* **DATA TO PROCESS**:
···

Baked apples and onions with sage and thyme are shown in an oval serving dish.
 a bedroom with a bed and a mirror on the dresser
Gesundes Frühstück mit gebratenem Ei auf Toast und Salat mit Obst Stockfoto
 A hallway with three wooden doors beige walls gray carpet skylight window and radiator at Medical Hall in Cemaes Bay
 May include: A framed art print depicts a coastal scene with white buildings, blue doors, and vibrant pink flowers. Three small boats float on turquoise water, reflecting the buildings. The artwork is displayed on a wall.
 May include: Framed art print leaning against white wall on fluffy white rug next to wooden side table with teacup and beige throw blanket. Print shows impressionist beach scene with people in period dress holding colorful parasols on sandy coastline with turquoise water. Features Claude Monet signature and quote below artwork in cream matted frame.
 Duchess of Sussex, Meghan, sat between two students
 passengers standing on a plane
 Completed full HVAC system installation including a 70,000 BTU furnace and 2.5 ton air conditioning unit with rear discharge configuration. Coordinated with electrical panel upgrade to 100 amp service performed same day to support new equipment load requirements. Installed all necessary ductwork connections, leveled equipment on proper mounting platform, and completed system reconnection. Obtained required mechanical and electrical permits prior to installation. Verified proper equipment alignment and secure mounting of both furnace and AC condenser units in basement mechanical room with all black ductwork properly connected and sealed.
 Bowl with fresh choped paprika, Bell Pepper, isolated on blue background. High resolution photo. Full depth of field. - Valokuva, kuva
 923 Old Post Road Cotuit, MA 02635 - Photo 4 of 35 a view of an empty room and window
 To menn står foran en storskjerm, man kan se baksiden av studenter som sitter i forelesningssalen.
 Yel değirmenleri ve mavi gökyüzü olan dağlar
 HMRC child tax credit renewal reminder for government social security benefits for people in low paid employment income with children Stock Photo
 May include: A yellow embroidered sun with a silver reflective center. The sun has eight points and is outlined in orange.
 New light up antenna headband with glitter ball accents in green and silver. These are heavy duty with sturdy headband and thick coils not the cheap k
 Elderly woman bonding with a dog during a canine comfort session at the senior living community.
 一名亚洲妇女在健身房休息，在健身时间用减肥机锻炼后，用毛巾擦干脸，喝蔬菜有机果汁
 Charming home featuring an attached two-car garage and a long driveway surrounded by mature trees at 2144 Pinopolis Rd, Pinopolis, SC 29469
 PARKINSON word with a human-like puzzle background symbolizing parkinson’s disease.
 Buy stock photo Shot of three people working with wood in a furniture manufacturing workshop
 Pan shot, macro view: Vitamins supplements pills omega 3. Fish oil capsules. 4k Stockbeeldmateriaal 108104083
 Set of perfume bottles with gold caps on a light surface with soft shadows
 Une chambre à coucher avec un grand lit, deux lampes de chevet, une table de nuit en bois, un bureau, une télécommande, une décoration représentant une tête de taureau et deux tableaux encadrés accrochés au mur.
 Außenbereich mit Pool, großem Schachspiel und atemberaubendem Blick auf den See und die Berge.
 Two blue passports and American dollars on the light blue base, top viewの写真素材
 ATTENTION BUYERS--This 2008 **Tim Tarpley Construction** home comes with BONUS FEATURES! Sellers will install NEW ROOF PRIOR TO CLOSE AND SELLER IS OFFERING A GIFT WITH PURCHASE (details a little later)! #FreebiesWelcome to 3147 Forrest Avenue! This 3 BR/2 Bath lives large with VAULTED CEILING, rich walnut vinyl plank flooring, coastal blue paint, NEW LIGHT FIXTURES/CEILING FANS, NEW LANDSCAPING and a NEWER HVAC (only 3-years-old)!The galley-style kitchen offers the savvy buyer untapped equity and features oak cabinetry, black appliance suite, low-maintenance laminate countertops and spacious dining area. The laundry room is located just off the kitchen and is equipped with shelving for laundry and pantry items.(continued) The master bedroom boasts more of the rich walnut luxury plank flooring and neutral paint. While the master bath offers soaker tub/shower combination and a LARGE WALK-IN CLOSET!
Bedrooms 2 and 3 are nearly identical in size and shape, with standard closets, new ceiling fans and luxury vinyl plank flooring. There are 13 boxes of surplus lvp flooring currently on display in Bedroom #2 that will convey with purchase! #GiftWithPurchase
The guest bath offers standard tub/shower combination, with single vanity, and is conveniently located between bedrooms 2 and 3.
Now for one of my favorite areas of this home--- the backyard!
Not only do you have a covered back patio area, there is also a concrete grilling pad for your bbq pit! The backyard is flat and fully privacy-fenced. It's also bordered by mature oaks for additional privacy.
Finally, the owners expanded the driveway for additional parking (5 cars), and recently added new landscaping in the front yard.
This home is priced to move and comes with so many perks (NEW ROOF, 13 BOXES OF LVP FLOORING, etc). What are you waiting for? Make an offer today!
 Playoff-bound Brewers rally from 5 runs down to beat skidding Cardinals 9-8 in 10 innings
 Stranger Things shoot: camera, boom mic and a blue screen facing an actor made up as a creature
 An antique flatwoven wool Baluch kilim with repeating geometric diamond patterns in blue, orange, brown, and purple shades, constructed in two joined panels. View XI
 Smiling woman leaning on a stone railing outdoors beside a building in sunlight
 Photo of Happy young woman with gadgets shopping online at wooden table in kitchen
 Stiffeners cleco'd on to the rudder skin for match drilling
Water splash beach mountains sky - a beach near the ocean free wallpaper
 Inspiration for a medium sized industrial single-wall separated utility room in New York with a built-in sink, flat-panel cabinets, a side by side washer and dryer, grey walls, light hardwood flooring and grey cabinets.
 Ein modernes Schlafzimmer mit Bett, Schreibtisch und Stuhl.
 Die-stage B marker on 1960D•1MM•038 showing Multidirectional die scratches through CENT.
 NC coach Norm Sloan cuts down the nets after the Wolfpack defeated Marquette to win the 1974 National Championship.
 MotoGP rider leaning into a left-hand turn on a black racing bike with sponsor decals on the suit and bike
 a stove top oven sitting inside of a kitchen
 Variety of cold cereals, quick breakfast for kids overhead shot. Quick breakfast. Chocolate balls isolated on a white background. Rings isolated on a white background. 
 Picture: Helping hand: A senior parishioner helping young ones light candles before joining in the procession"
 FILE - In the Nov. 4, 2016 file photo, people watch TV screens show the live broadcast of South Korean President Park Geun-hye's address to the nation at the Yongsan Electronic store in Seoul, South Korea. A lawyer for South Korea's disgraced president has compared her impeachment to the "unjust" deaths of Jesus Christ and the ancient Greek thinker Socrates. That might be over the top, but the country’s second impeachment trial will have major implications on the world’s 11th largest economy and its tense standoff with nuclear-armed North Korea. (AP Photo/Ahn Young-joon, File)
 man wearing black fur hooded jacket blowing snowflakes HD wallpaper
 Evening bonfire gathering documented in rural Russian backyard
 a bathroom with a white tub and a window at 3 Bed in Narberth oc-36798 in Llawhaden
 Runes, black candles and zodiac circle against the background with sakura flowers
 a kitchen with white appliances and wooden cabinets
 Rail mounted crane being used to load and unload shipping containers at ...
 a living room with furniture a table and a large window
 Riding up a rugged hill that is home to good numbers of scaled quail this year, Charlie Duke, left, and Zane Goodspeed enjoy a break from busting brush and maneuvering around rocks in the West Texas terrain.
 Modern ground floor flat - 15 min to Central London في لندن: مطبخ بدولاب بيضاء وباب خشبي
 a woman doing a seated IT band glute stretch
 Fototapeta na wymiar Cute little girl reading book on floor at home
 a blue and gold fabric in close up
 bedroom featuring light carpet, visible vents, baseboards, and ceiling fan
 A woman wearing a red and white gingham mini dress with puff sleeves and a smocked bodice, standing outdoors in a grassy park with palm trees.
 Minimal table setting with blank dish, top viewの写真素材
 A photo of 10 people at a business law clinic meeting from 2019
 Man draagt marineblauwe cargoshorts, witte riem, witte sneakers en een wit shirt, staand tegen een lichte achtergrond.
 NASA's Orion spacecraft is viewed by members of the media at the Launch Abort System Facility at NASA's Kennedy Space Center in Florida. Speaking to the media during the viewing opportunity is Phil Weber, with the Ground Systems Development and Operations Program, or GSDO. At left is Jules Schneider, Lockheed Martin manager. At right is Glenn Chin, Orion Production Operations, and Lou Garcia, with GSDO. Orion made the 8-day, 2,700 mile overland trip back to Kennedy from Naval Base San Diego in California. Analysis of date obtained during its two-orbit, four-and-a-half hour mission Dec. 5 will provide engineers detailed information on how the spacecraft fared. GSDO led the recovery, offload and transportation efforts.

···

* **WHAT NEEDS TO BE DONE**: In the listing above, find the line with "Runes, black candles" and the line with "Fototapeta na wymiar", then print exactly those lines and every line between them.

* **ANSWER BOX**:
 Runes, black candles and zodiac circle against the background with sakura flowers
 a kitchen with white appliances and wooden cabinets
 Rail mounted crane being used to load and unload shipping containers at ...
 a living room with furniture a table and a large window
 Riding up a rugged hill that is home to good numbers of scaled quail this year, Charlie Duke, left, and Zane Goodspeed enjoy a break from busting brush and maneuvering around rocks in the West Texas terrain.
 Modern ground floor flat - 15 min to Central London في لندن: مطبخ بدولاب بيضاء وباب خشبي
 a woman doing a seated IT band glute stretch
 Fototapeta na wymiar Cute little girl reading book on floor at home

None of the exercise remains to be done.